Brian Cavanagh joins Purposely to share what it takes to be an impactful and effective trustee on a charity board or a governance committee.

Brian has decades of experience leading Boards in the UK and Ireland that helped him write the book, Governing With Purpose: How to lead a brilliant board.


His inspiration for the book came when he unsuccessfully tried to find useful resources for existing or prospective trustees. He found lots of books on corporate governance of the private sector but very little for trustees of 'for purpose' organisations and charities. This obvious gap in the market motivated Brian to write this book so that he could help others to be effective and impactful non-profit trustees.


Brian outlines what it takes to be a 'brilliant board' as well as an effective trustee and he describes his ethos around governance. Explaining that the Chair of the Board is responsible for the Board while the CEO is responsible for performance and leadership of the organisation.


'Chairs, trustees and CEOs need to understand each other's roles, respect each other's responsibilities and work together towards a common and agreed mission.'


He also gives thoughts on where boards and organisations go wrong and rather than being overly concerned about those headline-hitting organisations, he is more concerned about Boards that are detached from the mission or are in 'cruise mode'.

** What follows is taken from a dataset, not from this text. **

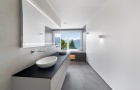 Villa contemporaine d'exception avec vue panoramique sur le lac Léman et les Alpes image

'My concern is not the crises that happen occasionally, my concern is the indifference, or the lack of aspiration a board has for itself.'


Brian points to organisations that stumble along, doing quite good work and because nothing has gone wrong there seems no need to intervene at Board or exec levels.

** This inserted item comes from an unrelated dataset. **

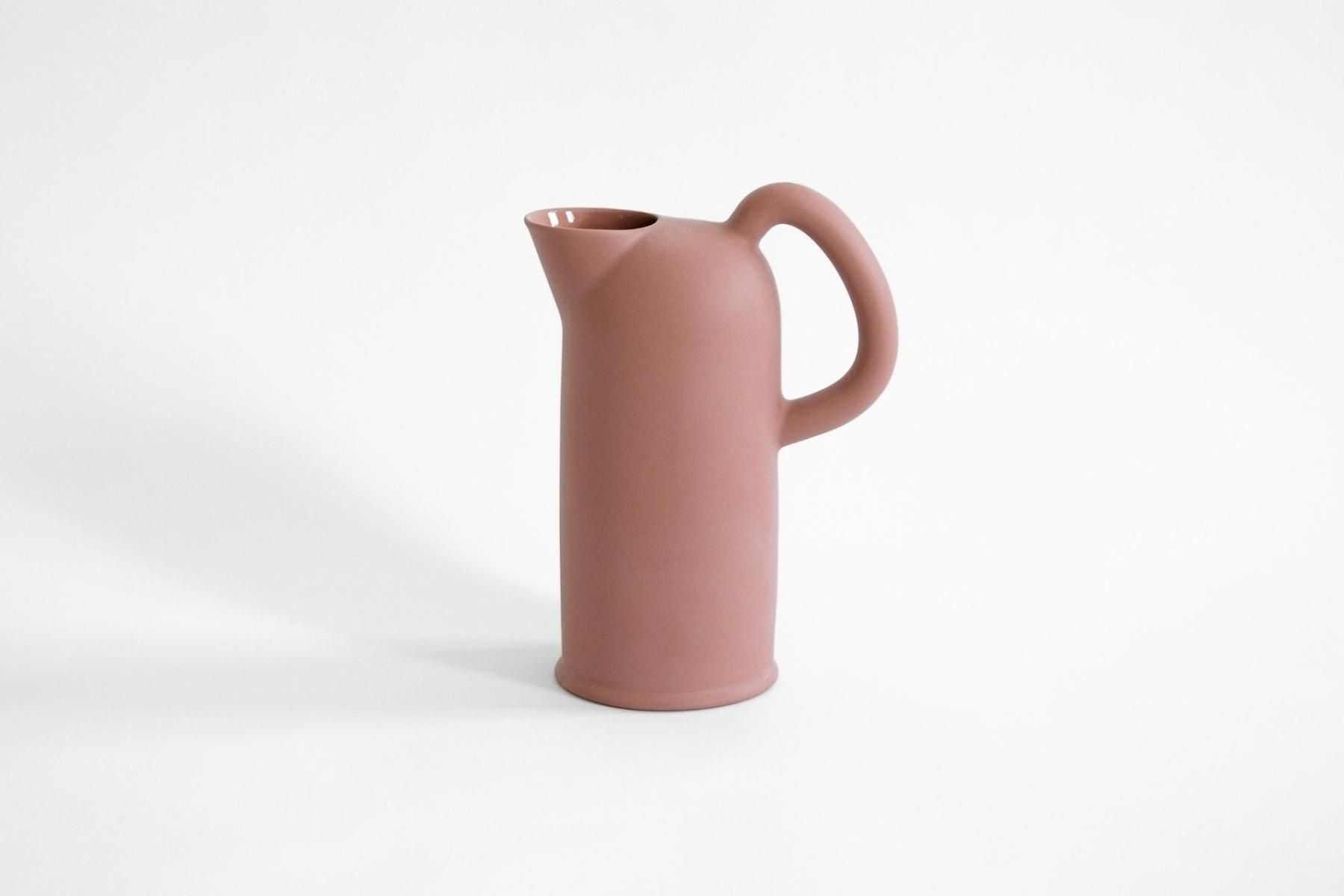Jug [Terracotta] / Shane Schneck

'It's about ensuring the culture of performance of ambition for the board for itself. I think the danger is we focus on crisis and we actually need to support our boards to do the right thing'.

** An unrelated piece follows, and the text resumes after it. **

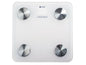 Mesilife Bluetooth Smart Body Composition Scale 180kg Capacity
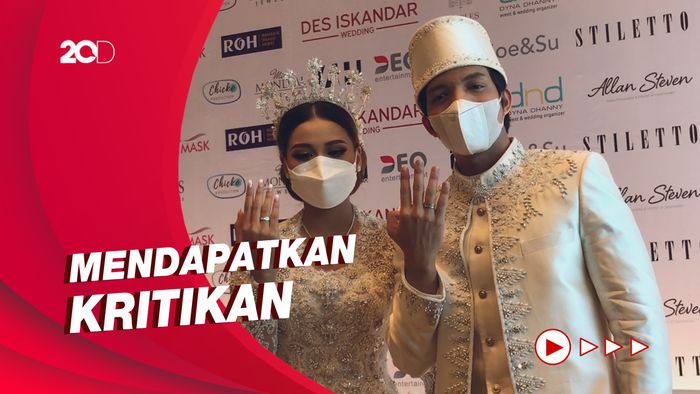 Kontroversi yang Mengiringi Hari Bahagia Aurel-Atta Halilintar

Brian outlines what is most important for charity boards and the people that operate on them.


'It needs to be led by skilled, committed individuals who also good at governing the organisation.'


Brian talks about the intangibles and how important the culture and the day-to-day behaviour of the board, the executive team and the employees is in supporting the vision and the purpose of the charity.


'Do board members challenge each other to be better and how often do they contest opinions, how often do they disagree or debate about the purpose, direction and performance of the charity'.


Brian also calls out 'bad behaviour', pointing to people not turning up, not reading the Board papers and people not asking questions or challenging decisions. Brian believes that a strong sense of purpose combined with a solid structure will provide an effective antidote that will stop any bad behaviour, or at least ensure it is stamped out quickly. A strong sense of purpose for why the Board exists, why it includes the people it does and what role will it be performing and what responsibilities will it be taking on in the future.


'So it’s imperative trustees ask themselves, why was the charity set up in the first place?, what is trying to achieve and what is the purpose of the Board they have been asked to join?'.


Brian also stresses that it is fundamentally important that people join Boards for the right reasons, 'not just as a favour to a friend’, but rather because they believe in the cause, believe they can contribute by utilising their skills and experience and they have the time and space to commit to the meetings and actions.


Brian's book Governing with Purpose is an essential resource for people on Boards or those considering joining a Board.